- Ziemlin
- Coordinates: 51°44′N 16°55′E﻿ / ﻿51.733°N 16.917°E
- Country: Poland
- Voivodeship: Greater Poland
- County: Gostyń
- Gmina: Krobia
- Population: 218
- Time zone: UTC+1 (CET)
- • Summer (DST): UTC+2 (CEST)
- Vehicle registration: PGS

= Ziemlin =

Ziemlin is a village in the administrative district of Gmina Krobia, within Gostyń County, Greater Poland Voivodeship, in west-central Poland.

==History==
The area formed part of Poland since the establishment of the state in the 10th century. Ziemlin was a private village of Polish nobility, administratively located in the Kościan County in the Poznań Voivodeship in the Greater Poland Province of the Kingdom of Poland. It was annexed by Prussia in the Second Partition of Poland in 1793. It was regained by Poles in 1807 and included within the short-lived Duchy of Warsaw, and after the duchy's dissolution in 1815, the village was reannexed by Prussia, and was also part of Germany from 1871. Following World War I, Poland regained independence and control of the village.

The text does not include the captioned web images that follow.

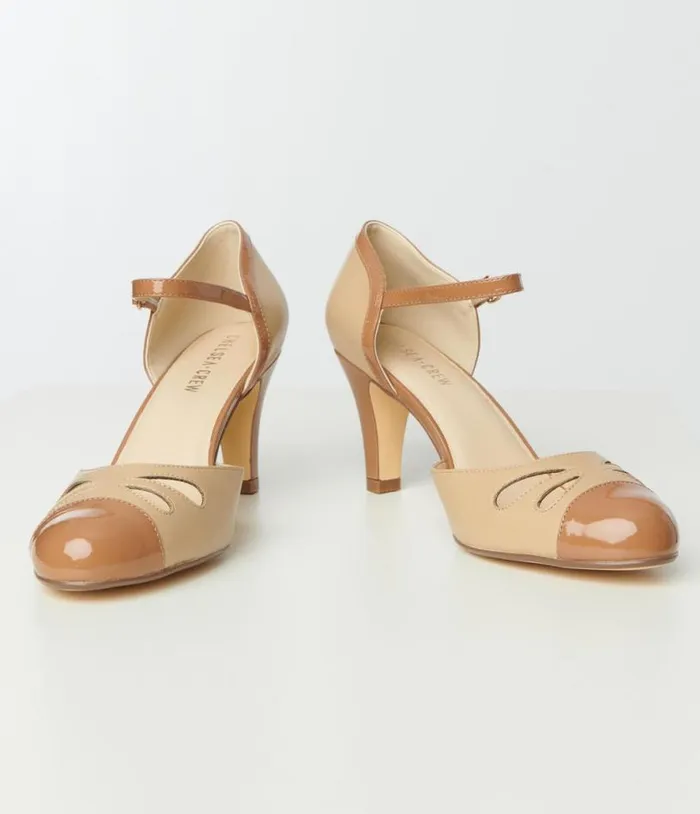 Chelsea Crew Nude and Tan Getty Heels Shoes Unique Vintage Heels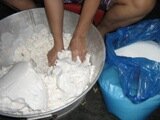 The flour will breaks easily if dried enough.
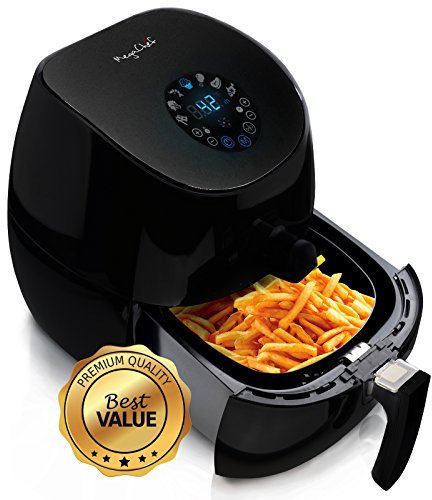 MegaChef Freidora de aire y multicocina de 3.5 cuartos con 7 ajustes preprogramados en negro elegante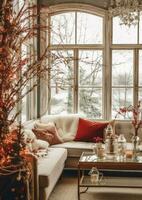 Cosy living room with beautiful christmas tree and red gifts in modern interior. Interior of living room decorated for merry christmas with socks, gift boxes and christmas accessories by AI Generated photo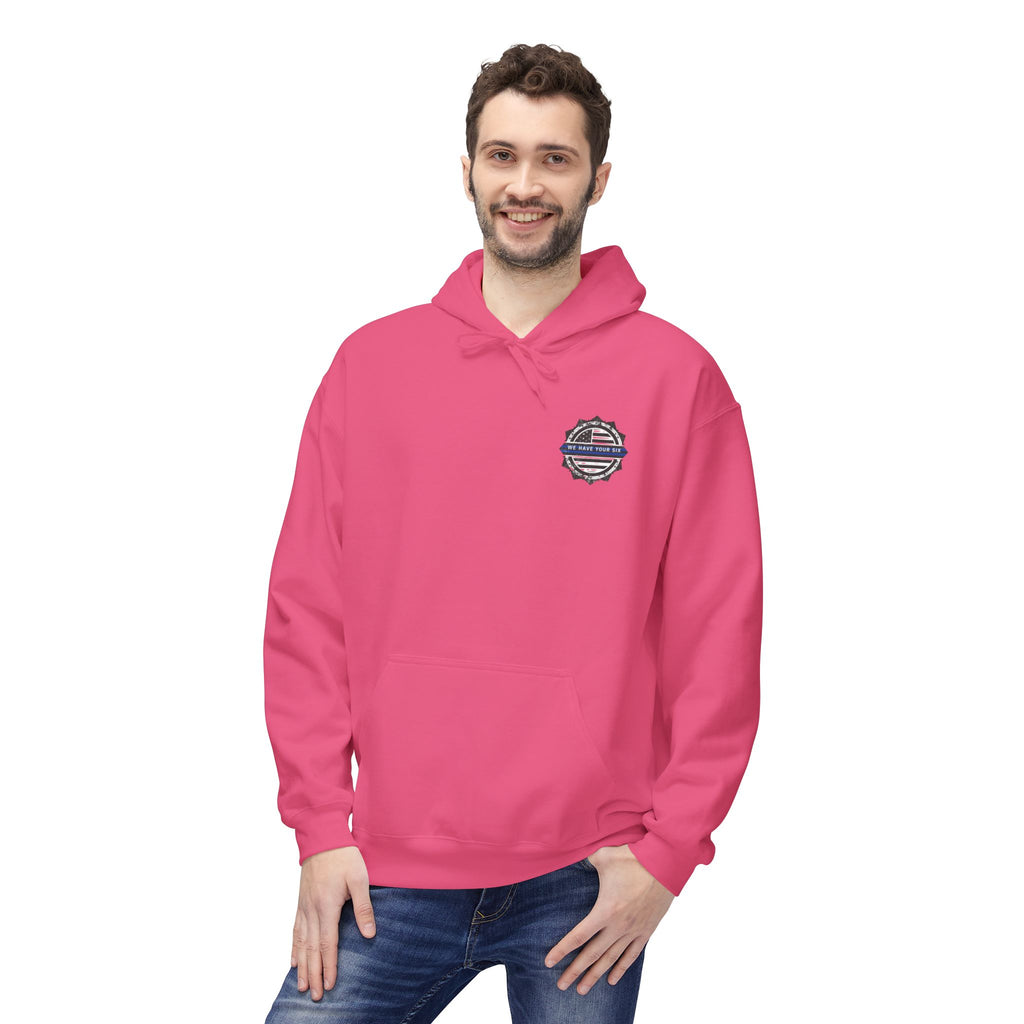 Thin Blue Line Skull Hoodie – Police Support American Flag Back Print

Following the joint German-Soviet invasion of Poland, which started World War II in September 1939, the village was occupied by Germany until 1945 and local Poles were subjected to various crimes. One local farmer was among Poles murdered in a public execution perpetrated by the German Einsatzgruppe VI in the nearby town of Krobia on October 21, 1939, as part of the Intelligenzaktion. In 1944, the occupiers carried out expulsions of Poles, who were deported to forced labour in Germany, while their houses and farms were handed over to new German colonists as part of the Lebensraum policy.